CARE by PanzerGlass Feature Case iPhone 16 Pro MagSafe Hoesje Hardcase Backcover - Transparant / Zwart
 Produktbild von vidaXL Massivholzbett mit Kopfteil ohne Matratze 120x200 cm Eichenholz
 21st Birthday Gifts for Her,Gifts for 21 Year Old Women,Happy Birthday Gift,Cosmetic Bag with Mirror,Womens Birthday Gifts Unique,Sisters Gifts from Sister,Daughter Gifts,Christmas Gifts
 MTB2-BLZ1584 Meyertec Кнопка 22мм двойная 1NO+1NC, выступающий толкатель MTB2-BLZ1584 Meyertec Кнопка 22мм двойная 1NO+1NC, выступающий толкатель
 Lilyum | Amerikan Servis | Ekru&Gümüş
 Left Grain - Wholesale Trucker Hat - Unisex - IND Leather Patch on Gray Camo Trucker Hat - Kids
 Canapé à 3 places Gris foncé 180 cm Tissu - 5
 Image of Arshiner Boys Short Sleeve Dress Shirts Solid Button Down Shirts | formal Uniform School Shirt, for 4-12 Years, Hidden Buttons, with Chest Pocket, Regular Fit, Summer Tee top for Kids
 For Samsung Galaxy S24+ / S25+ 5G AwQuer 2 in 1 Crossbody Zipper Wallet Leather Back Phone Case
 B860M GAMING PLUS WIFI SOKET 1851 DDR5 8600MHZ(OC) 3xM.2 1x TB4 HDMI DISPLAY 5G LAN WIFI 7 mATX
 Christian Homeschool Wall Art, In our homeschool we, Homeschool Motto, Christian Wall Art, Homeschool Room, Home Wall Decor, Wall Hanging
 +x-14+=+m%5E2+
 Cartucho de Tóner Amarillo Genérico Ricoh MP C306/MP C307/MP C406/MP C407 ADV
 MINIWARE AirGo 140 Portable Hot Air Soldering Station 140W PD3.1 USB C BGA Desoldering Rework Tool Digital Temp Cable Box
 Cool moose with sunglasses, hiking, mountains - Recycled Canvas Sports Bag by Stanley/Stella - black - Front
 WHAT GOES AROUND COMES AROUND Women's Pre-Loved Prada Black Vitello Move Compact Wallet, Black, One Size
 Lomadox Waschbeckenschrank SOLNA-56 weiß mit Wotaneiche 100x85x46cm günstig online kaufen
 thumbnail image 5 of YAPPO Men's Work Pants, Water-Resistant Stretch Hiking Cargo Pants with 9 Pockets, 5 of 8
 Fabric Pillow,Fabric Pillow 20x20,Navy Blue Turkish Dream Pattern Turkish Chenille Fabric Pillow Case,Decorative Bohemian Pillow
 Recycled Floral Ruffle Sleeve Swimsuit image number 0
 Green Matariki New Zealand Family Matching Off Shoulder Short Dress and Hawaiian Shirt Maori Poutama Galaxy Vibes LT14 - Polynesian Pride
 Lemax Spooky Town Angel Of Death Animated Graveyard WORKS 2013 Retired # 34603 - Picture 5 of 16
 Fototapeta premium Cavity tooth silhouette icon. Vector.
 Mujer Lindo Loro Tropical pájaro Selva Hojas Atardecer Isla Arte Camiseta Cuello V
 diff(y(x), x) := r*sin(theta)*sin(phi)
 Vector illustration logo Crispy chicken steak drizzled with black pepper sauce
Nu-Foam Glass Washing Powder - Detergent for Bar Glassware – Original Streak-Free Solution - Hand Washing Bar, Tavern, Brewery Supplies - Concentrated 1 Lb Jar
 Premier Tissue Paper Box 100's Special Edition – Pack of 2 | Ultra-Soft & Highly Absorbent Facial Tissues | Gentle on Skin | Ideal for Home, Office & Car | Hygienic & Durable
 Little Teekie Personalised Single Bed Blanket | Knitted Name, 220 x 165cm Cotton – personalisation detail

## Directions for this task
Exactly the lines above from the one with "21st Birthday Gifts" to the one with "MINIWARE AirGo 140", both included, are to be quoted; leave the rest out.

## Written reply
 21st Birthday Gifts for Her,Gifts for 21 Year Old Women,Happy Birthday Gift,Cosmetic Bag with Mirror,Womens Birthday Gifts Unique,Sisters Gifts from Sister,Daughter Gifts,Christmas Gifts
 MTB2-BLZ1584 Meyertec Кнопка 22мм двойная 1NO+1NC, выступающий толкатель MTB2-BLZ1584 Meyertec Кнопка 22мм двойная 1NO+1NC, выступающий толкатель
 Lilyum | Amerikan Servis | Ekru&Gümüş
 Left Grain - Wholesale Trucker Hat - Unisex - IND Leather Patch on Gray Camo Trucker Hat - Kids
 Canapé à 3 places Gris foncé 180 cm Tissu - 5
 Image of Arshiner Boys Short Sleeve Dress Shirts Solid Button Down Shirts | formal Uniform School Shirt, for 4-12 Years, Hidden Buttons, with Chest Pocket, Regular Fit, Summer Tee top for Kids
 For Samsung Galaxy S24+ / S25+ 5G AwQuer 2 in 1 Crossbody Zipper Wallet Leather Back Phone Case
 B860M GAMING PLUS WIFI SOKET 1851 DDR5 8600MHZ(OC) 3xM.2 1x TB4 HDMI DISPLAY 5G LAN WIFI 7 mATX
 Christian Homeschool Wall Art, In our homeschool we, Homeschool Motto, Christian Wall Art, Homeschool Room, Home Wall Decor, Wall Hanging
 +x-14+=+m%5E2+
 Cartucho de Tóner Amarillo Genérico Ricoh MP C306/MP C307/MP C406/MP C407 ADV
 MINIWARE AirGo 140 Portable Hot Air Soldering Station 140W PD3.1 USB C BGA Desoldering Rework Tool Digital Temp Cable Box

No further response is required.